Required work ->
Drop the images, then output the listing exactly.

*** Block opens ***

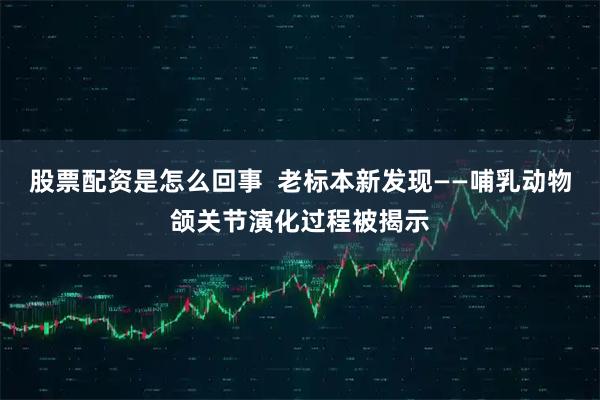 股票配资是怎么回事  老标本新发现——哺乳动物颌关节演化过程被揭示
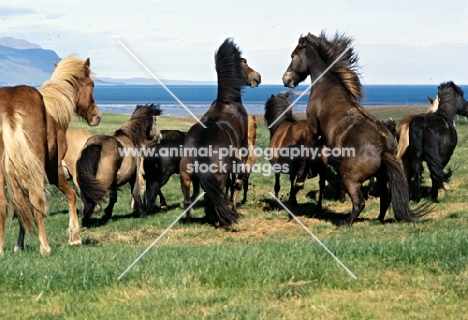 Iceland Horses at Sauderkrokur, two in play fight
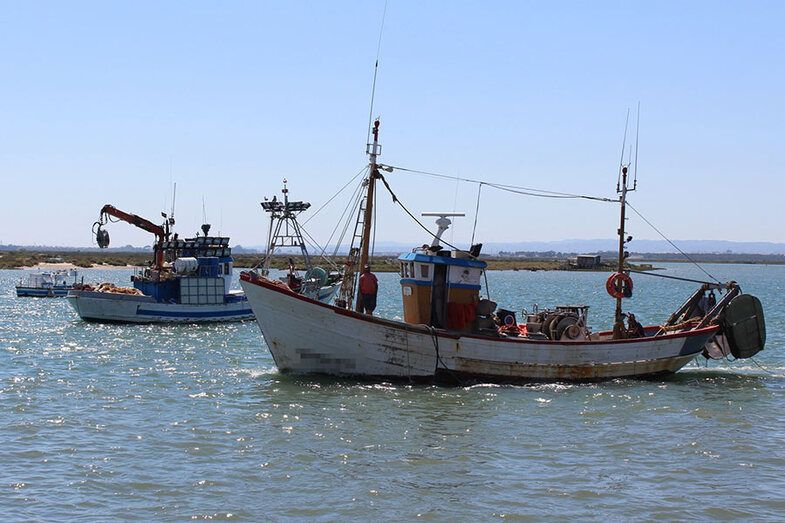 Destinan 720.000 euros a embarcaciones afectadas por paros temporales de la pesca de la chirla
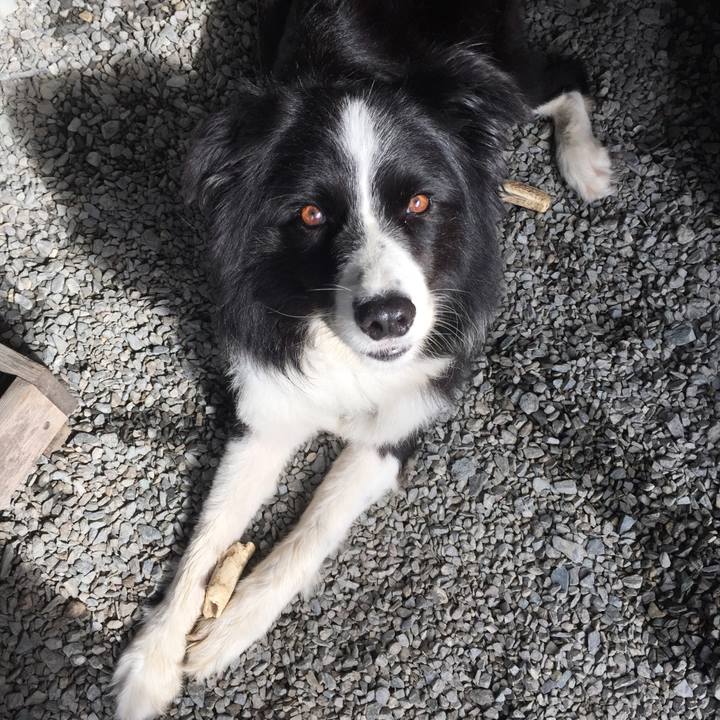 1a675edb 8583 4cdd 892f d37604e07236 1536971225591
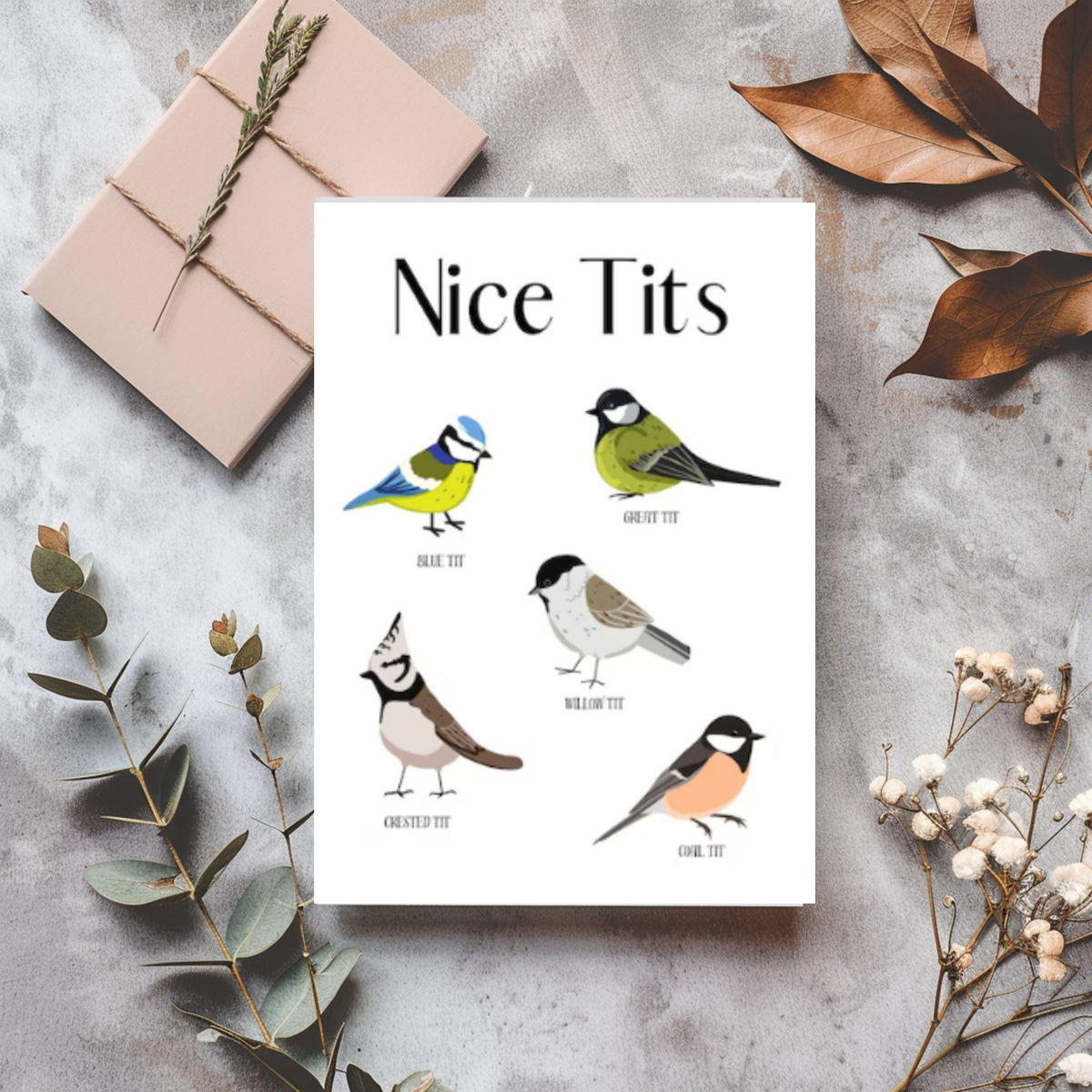 White rectangular card reading “Nice Tits,” with five illustrated birds labelled blue tit, great tit, willow tit, crested tit and coal tit.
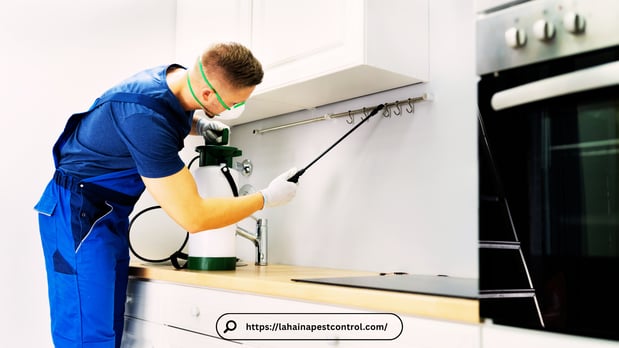 Images Pest Control Baltimore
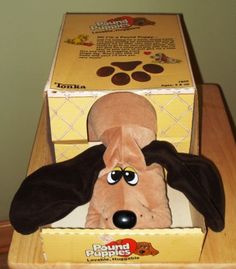 a stuffed dog in a box with its eyes open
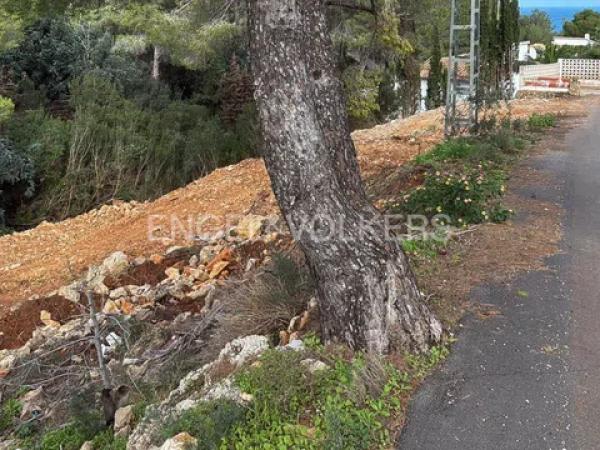 Terreno en calle Flor de Llimera
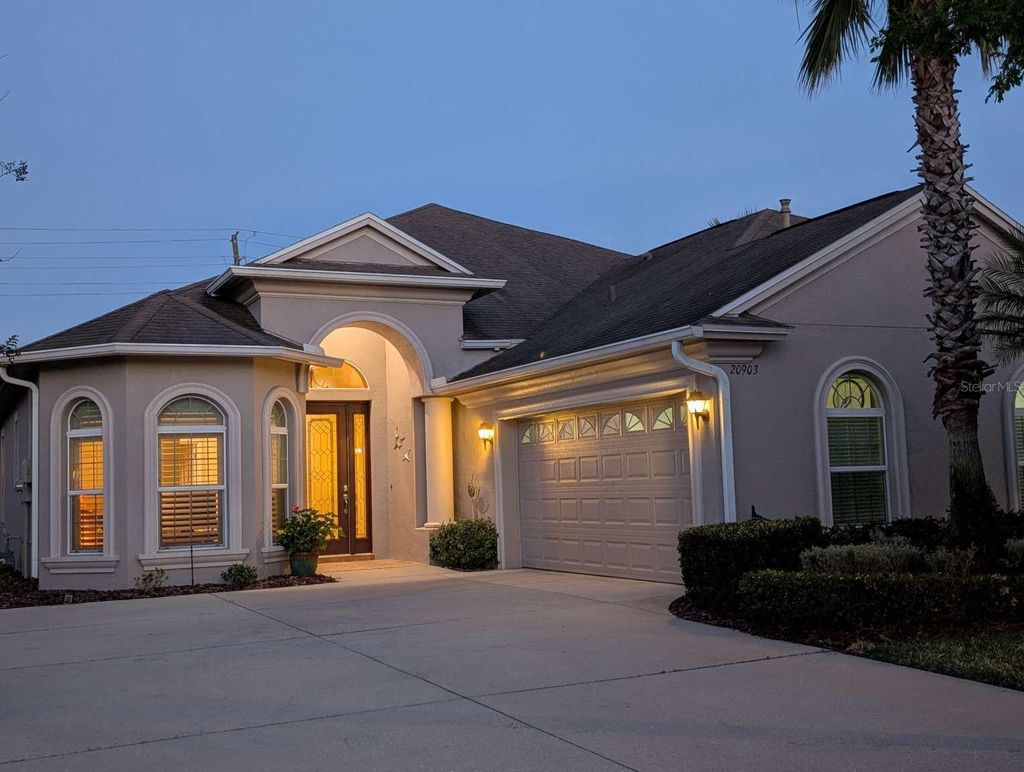 Photo of 20903 Amanda Oak Court, Land O Lakes, FL 34638 (MLS # TB8372558)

*** Block closes ***

Task response ->
 股票配资是怎么回事  老标本新发现——哺乳动物颌关节演化过程被揭示
 Iceland Horses at Sauderkrokur, two in play fight
 Destinan 720.000 euros a embarcaciones afectadas por paros temporales de la pesca de la chirla
 1a675edb 8583 4cdd 892f d37604e07236 1536971225591
 White rectangular card reading “Nice Tits,” with five illustrated birds labelled blue tit, great tit, willow tit, crested tit and coal tit.
 Images Pest Control Baltimore
 a stuffed dog in a box with its eyes open
 Terreno en calle Flor de Llimera
 Photo of 20903 Amanda Oak Court, Land O Lakes, FL 34638 (MLS # TB8372558)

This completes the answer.